Guillaume de Bassompierre wanted to ‘make injustice visible’. Instead, he found himself at the centre of diplomatic tensions and an abrupt exit from India.
On the morning of May 26, Guillaume de Bassompierre cycled through Delhi’s diplomatic quarter with a mission. The 50-year-old Belgian trade attaché carried with him nine posters bearing the image of Israeli Prime Minister Benjamin Netanyahu, stamped with the words: “wanted for crimes against humanity”. He plastered them at Malcha Marg Diplomatic Enclave.
But this would cost de Bassompierre his job and force his family to end what life had been for them in India.
Ten days after the posters, de Bassompierre was sacked by the Belgian government while he was holidaying in China with his family on June 6.
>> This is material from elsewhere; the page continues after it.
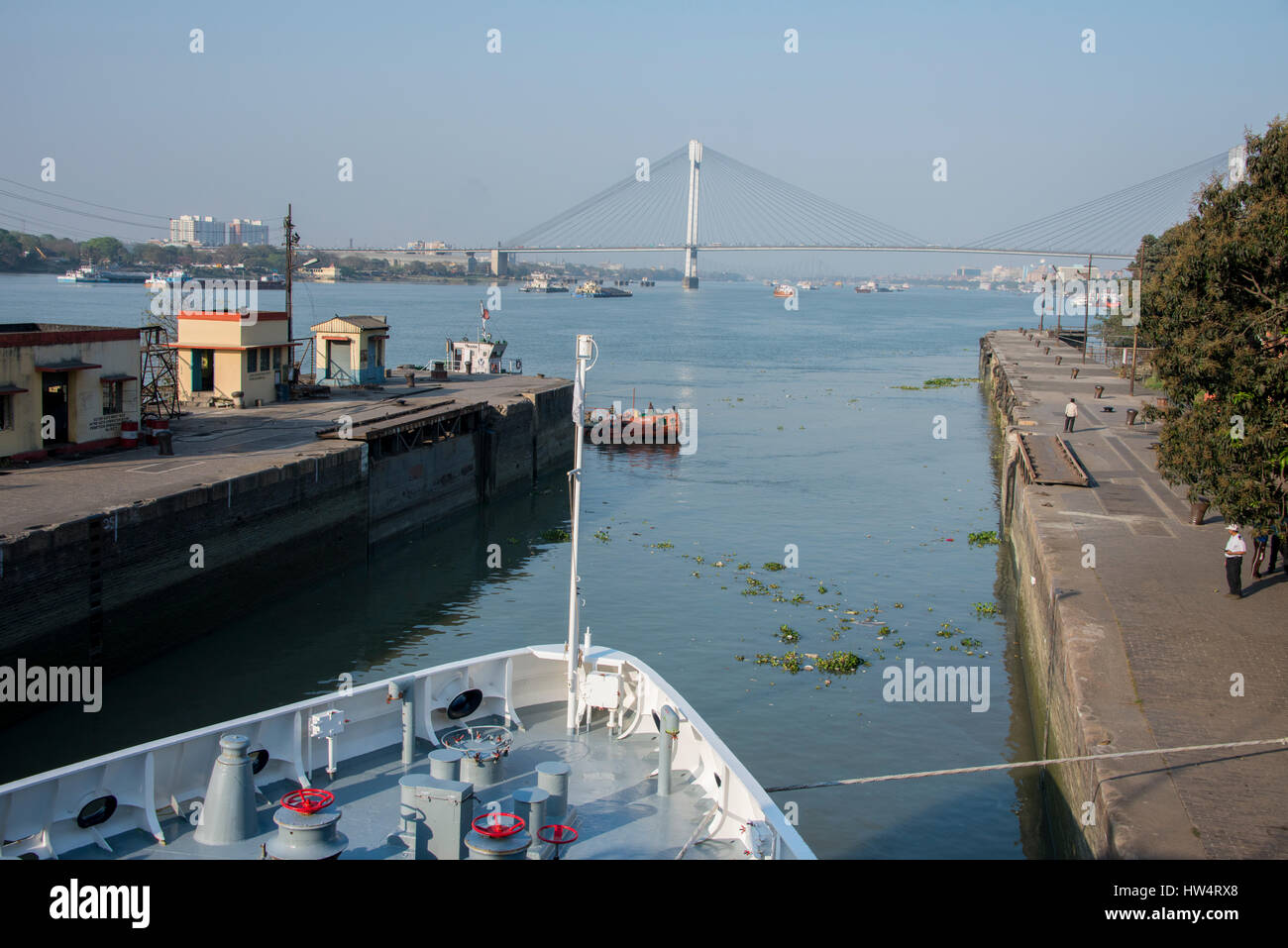 Indien, Kolkata (aka Kalkutta) West-Bengalen, Hooghly River. Kanalsystem vor Vidyasagar Setu (Brücke) anschließen Howrah, Kalkutta. Silverse Stockfoto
Two weeks later, the Indian Ministry of External Affairs separately informed the Belgian embassy about the posters. According to an MEA official, de Bassompierre’s action had been in violation of the Vienna Convention of Diplomatic Relations – a global treaty defining diplomatic conduct.
But de Bassompierre pointed to his “freedom of expression” and that his showdown with the Israeli embassy has carried on for around two years. In October, 2023, the embassy had objected to his Facebook posts on the Israel-Palestine conflict. In January 2024, the embassy had accused him of showing the middle-finger while passing by the Israeli mission in the national capital. And a day after the posters this year, he had been waylaid by security personnel near the residence of the Israeli ambassador and the keys to his bicycle were allegedly stolen.